With this book, Eggers does something similar and also drastically different. This is still a book about one of Sudan’s tragedies by a white person (which surely will be fodder for some good postcolonial criticism), but it puts a human face on tragic images and stories we have heard. By hearing one story in its entirety and awfulness, it makes it a lot easier to understand why something multiplied by the millions of people that experienced something similar is so horrible. And also Eggers exploits this situation for not his gain, but for Deng’s gain and the gain of other refugees. All the proceeds of the book go to the Valentino Achak Deng Foundation.

Several critics have already pointed out that Eggers is a good person to write this story, in that he is also a “lost boy” of sorts, as his A Heartbreaking Work of Staggering Genius details, having lost both of his parents within five weeks of each other. And though this book could very easily be nothing but a series of terrible photographs one after the next, breaking you down to absolute tears, this book is not. Rather, it tells this story, horrible as it is, with laughter mixed in – that even in the awfulness of the refugee camps, there were moments of beauty.

But that there are human beings alive who went through all of this and came out alive is amazing and heartbreaking. People are going through similar stuff now, of course, in Darfur, and southern Sudan is still suffering from Khartoum. I thought I had some idea of what people were talking about when they mentioned the Lost Boys of Sudan, but I had no idea. The stuff that this boy endured is beyond comprehension, one horrible event after the next. Muslims on horseback backed by the central government destroying his village, killing and looting wantonly, sending him and thousands and thousands of others to walk on foot across the country, avoiding militias, hunger, and even lions, to get to Ethiopia. And then Ethiopia itself convulsed politically, making it no longer safe for the refugee camp there and people that had already endured so much, lost so much, were chased out of the country with rifles, were shot at it as they swam across the river back into Sudan, the country that didn’t want them, people even being eaten by crocodiles in this river. Then another deadly march to Kenya to another awful refugee camp, and on and on.
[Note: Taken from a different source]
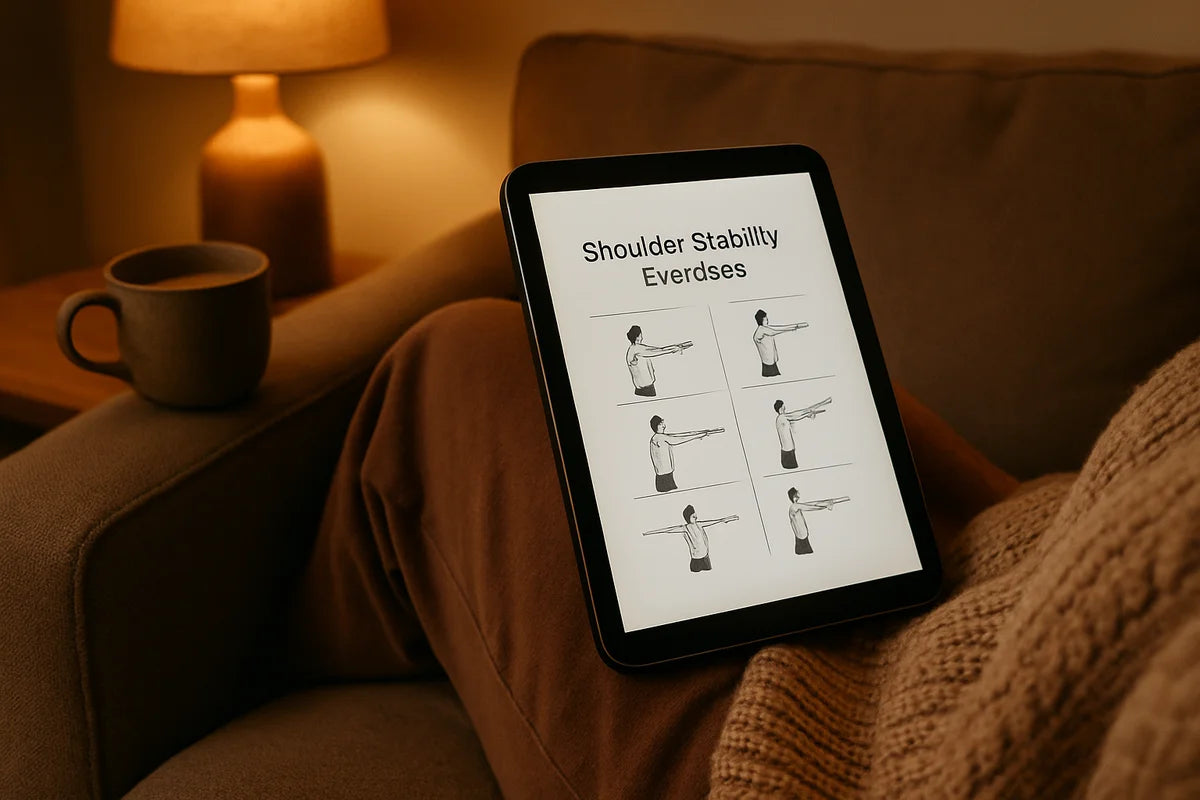 Shoulder Stability Exercises PDF: Build Strong, Steady Shoulders You Can Trust - professional photograph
If there was ever a country that might have been deserving of some interventionist military action, Sudan was certainly it. Much of the violence and why it has lasted so long is due to oil. Amazingly, George Bush Sr. even played a role in this. When he was at the UN, he showed Sudan satellite maps that indicated there were big oil reserves there, and thus entered Chevron, and thus started the violence toward and displacement of the people in the south of Sudan. The West no longer has oil investments in Sudan, knowing that it’s with oil profits that Khartoum is able to terrorize its citizens, but that doesn’t really matter when China is there to buy up their oil.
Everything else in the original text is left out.